MU students feel effects of instability in Pakistan
MU students expressed concern for Pakistan's political instability.
Published Nov. 14, 2008
Junior Palwasha Khan might seem far removed from the recent violence in Pakistan that has made headlines and sparked intervention by the U.S. military.
Yet for Khan, the president of the South Asian Student Association at MU and whose extended family resides largely in Pakistan, the fighting has hit close to home.
"My cousin owns a business, and there was a riot in front of his store," Khan said.
Kahn's cousin was accidentally stabbed during the incident. And though she said her cousin recovered, there is uncertainty if Pakistan will recover.
MU political science professor Paul Wallace, who has taught courses about South Asia for 40 years and has traveled to Pakistan before, said everything is coming to a head right now in the country.
The virtual collapse of Pakistan's security and economic foundations shocked the world and now threatens to undermine the anti-terrorism funding and manpower the U.S. government has invested in the region.
But the Taliban's resurgence, as well as its role in the fighting in Pakistan, can be traced to U.S. actions.
"The U.S. threw the Taliban out of Afghanistan, so the Taliban went to Pakistan," Wallace said.
The violence in Federally Administered Tribal Area and North West Frontier Province, which has driven people into a state of fear and confusion, is only one issue currently threatening to unravel Pakistan. As Pakistan's military, which has become synonymous in Pakistan with American and NATO forces, fights to secure its borders, the nation's new democratic government is seeking to provide economic stability in a time when Pakistan has been hit hard by the international economic crisis.
In Wallace's estimation, Pakistan needs roughly $10 billion - it is requesting $9 billion from the International Monetary Fund.
Senior Furqaan Sadiq visited his family in Pakistan last December.
When he was there, he said he noticed that food prices, especially for grain and meat, two staples of the Pakistani diet, had risen dramatically.
"People are frustrated," Sadiq said. "In desperate situations, people will do desperate things. They will cling to whoever will champion their cause."
Khan said, from what she has witnessed and heard in the region, the country faces a desperate situation.
"People are literally starving to death, holding their children and watching their child die," Khan said.
Sadiq said students in America are beginning to understand the situation.
"There has been a resurgence of college students who want to know more," Sadiq said. "It's changing in the direction of more enlightened individuals."

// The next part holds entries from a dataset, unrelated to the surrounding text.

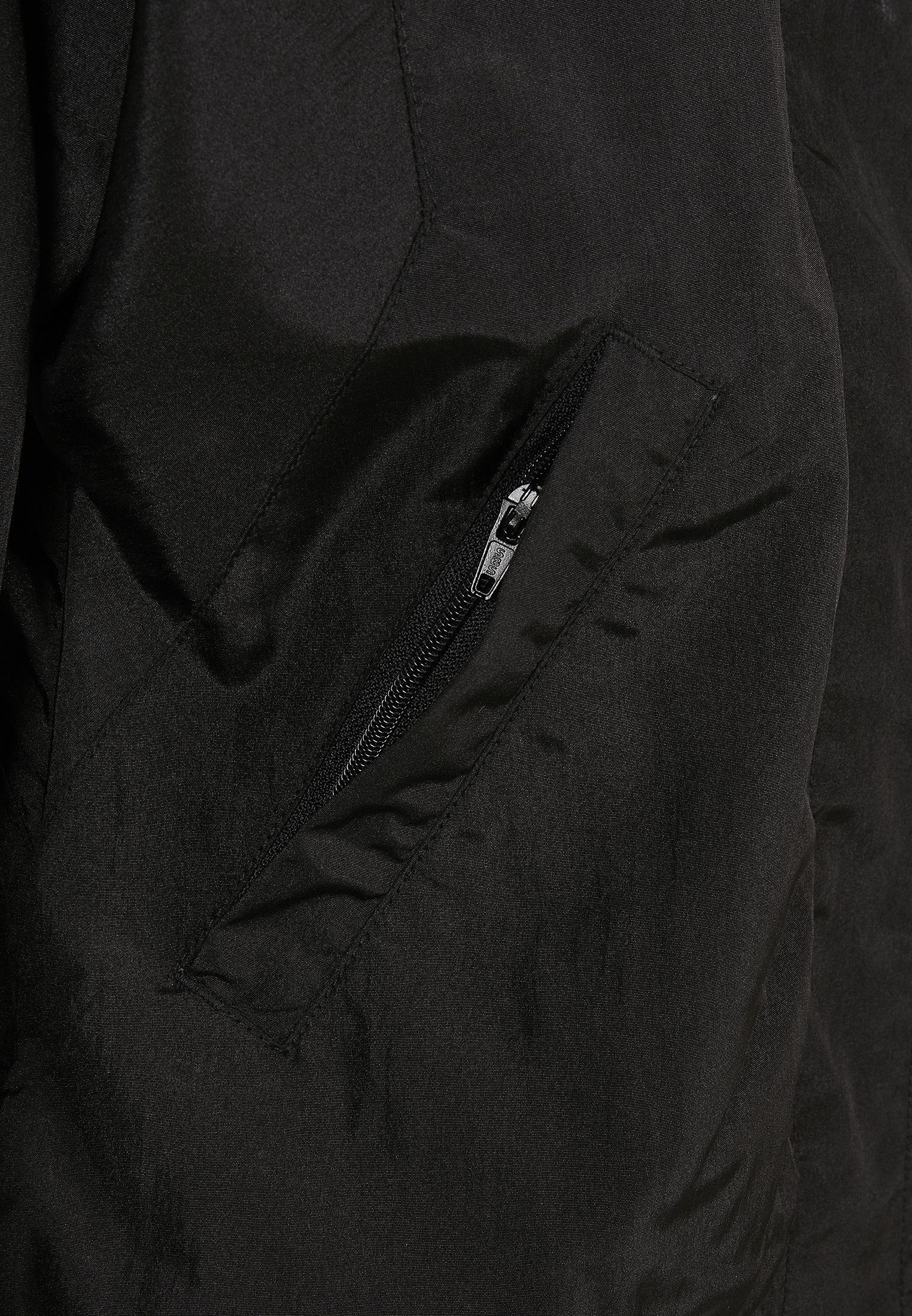 Light Jackets Ladies Oversized Shiny Crinkle Nylon Jacket in Farbe black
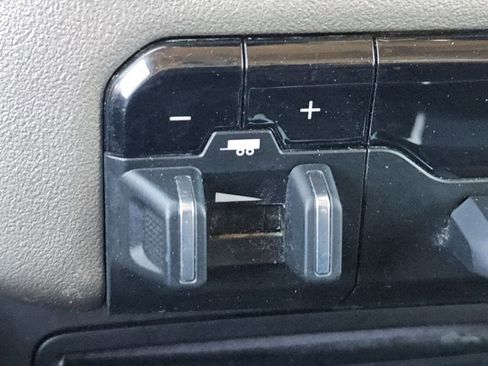 Used 2019 RAM 1500 Laramie image 30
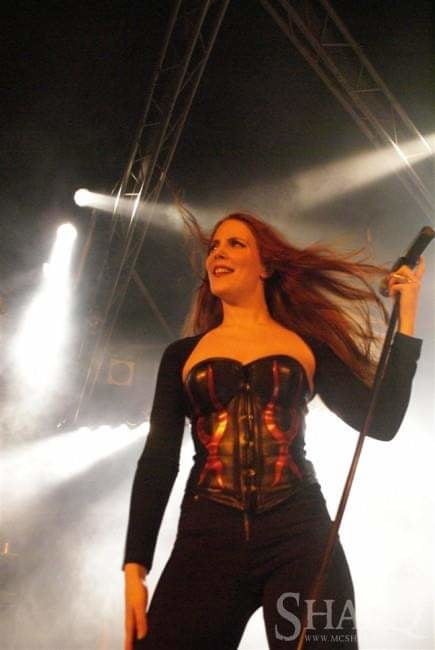 Simone simons
 #94584508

As military intervention seems increasingly futile and ineffective, Khan and Sadiq agree that understanding could come from better education in Pakistan.

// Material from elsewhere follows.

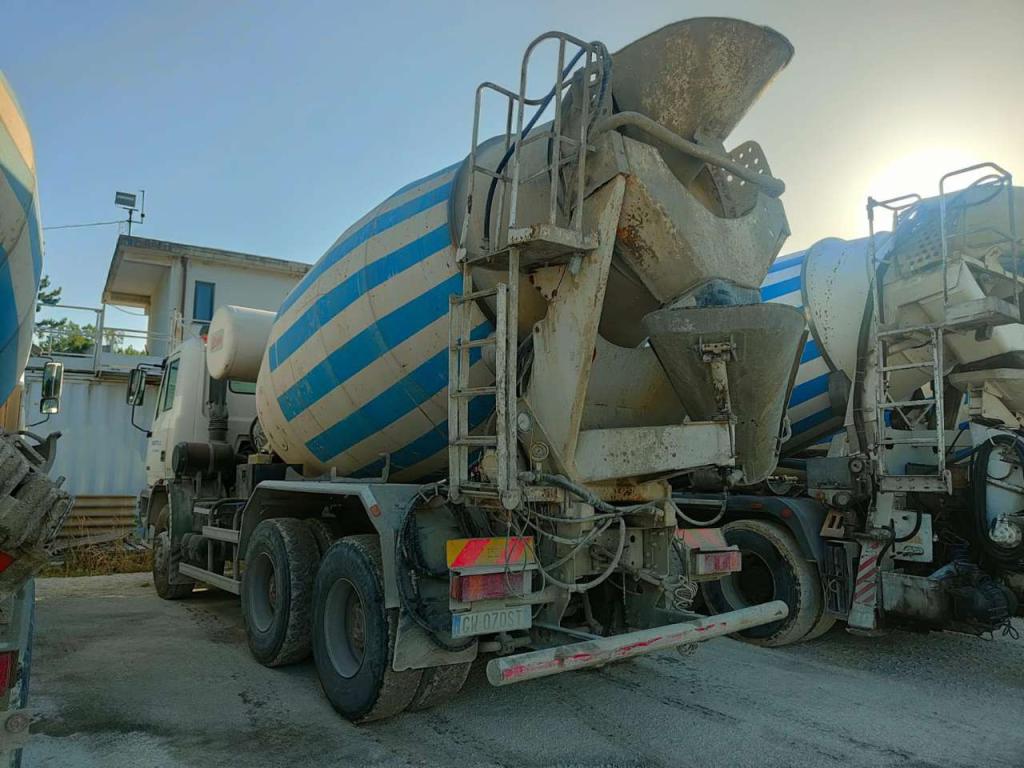 Astra HD7 64.40 BETONIERA 3 ASSI Foto 5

"Education is the first step to humanity," Khan said. "If Pakistan would stop funding so much to the army, and more to education and building schools, then that can get people to understand. It's hard to understand other cultures when all they know is their own."
Khan is working to create more understanding of the situation in Pakistan among MU students. As the head of the South Asian Student Association, she said she would look to plan events on campus to raise awareness.
Wallace maintained that the outcome of the situation would ultimately be one with international implications.
"Although I don't see this happening, if the Taliban or al-Qaeda gained control of Pakistan, they would also have control of nuclear weapons," Wallace said. "This is not just a problem for Pakistan, but for the world."